En aquella calle la mayor parte de la realidad se disolvía en el aire del olvido. Aquí vivieron comerciantes, notarios y familias ilustres. Y putas y gitanos de raza. En 1700 fue la calle de los pellejeros, pero desde 1906 se llama Joaquín Jarauta, La Jarauta. Hoy es una de las calles más degradadas de la ciudad. Vive gente sí, pero como dejándose caer y esperando lo inevitable.

Aquí la pobreza severa apalea a un 18,6 de la población. Pero ese malvivir de muchos resuena poco. A no ser por la Jarauta 69. Aquí la soledad es la compañía de mucha gente mayor. Y muchos sobreviven hacinados en habitaciones de mala muerte que se pagan a 350 euros. Aquí la gente se ha vuelto refractaria al paro. Tanto que saquea su propia vida para ofrecerla al mejor postor. Muchas familias están enganchadas a la desesperanza vital de un futuro imperfecto. Aquí no quedan apenas comercios, ni tiendas.
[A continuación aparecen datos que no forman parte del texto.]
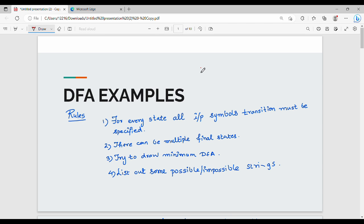Hi friends. In the previous video, we covered the basics of the alphabet, string, language, etc. Here are examples of the subject. If you practice the concepts, you will be clear in DFA.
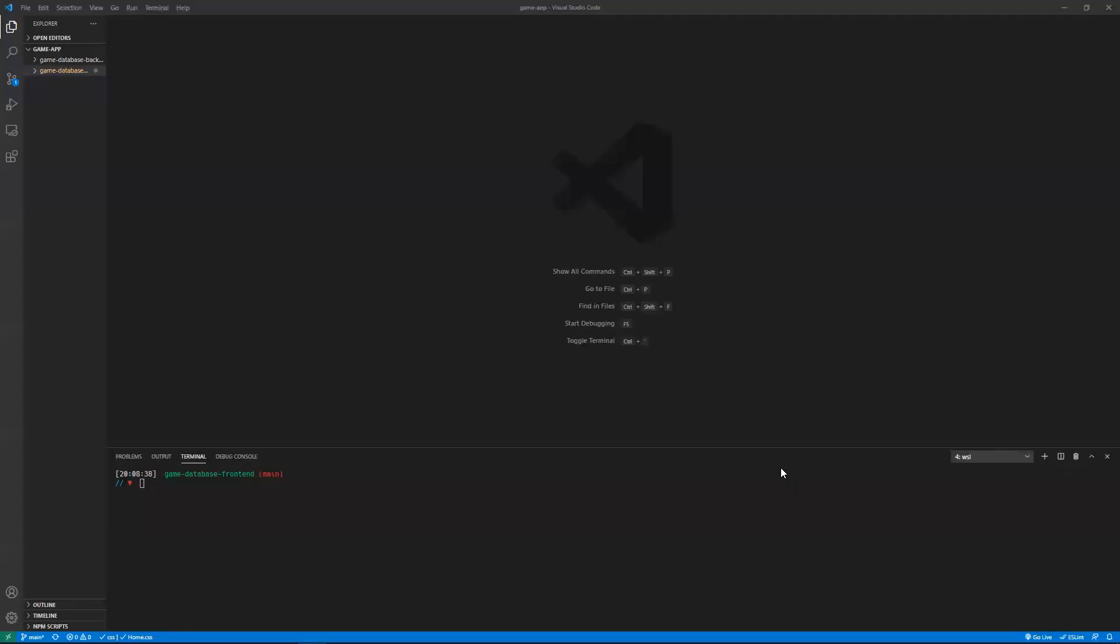Hello, everyone. Today I'll be showing you my most recent project, which is my game database project.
Ha habido una descapitalización generalizada de recursos y del tejido comercial. Y una galopante degradación del parque de viviendas. Aquí solo quedan algunos bares y la mayor tasa de sociedades gastronómicas y peñas de la ciudad; como si fueran una salida de emergencia.
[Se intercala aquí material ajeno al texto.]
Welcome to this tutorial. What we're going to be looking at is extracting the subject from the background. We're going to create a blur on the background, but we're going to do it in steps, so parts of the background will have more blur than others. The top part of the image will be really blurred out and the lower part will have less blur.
En tiempos la comunitarización y la vecindad bien entendida funcionó. Pero la ruptura de redes vecinales, destrozadas por nuevas formas de consumo, residencia y sociabilidad, han roto los vínculos que soldaban a la gente. Hoy todo son puntos suspensivos. Y sí, están los Servicios Sociales. Pero saturados de tensión y burocracia de contención.
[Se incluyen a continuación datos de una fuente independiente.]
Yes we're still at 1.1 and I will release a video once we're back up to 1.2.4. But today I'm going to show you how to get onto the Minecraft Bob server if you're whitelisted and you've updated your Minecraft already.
¿Cómo se arregla esto? No es fácil. Intervención publica e institucional que revitalice globalmente la calle a partir de necesidades reales del vecindario. Un vecindario que debe incluir en sus acciones a ese 18,6 de población siempre excluida de todo proceso participativo y de dinamización. Solo así se politiza el sufrimiento. Más allá de la dinamización festiva, sumisa y desconflictivizada.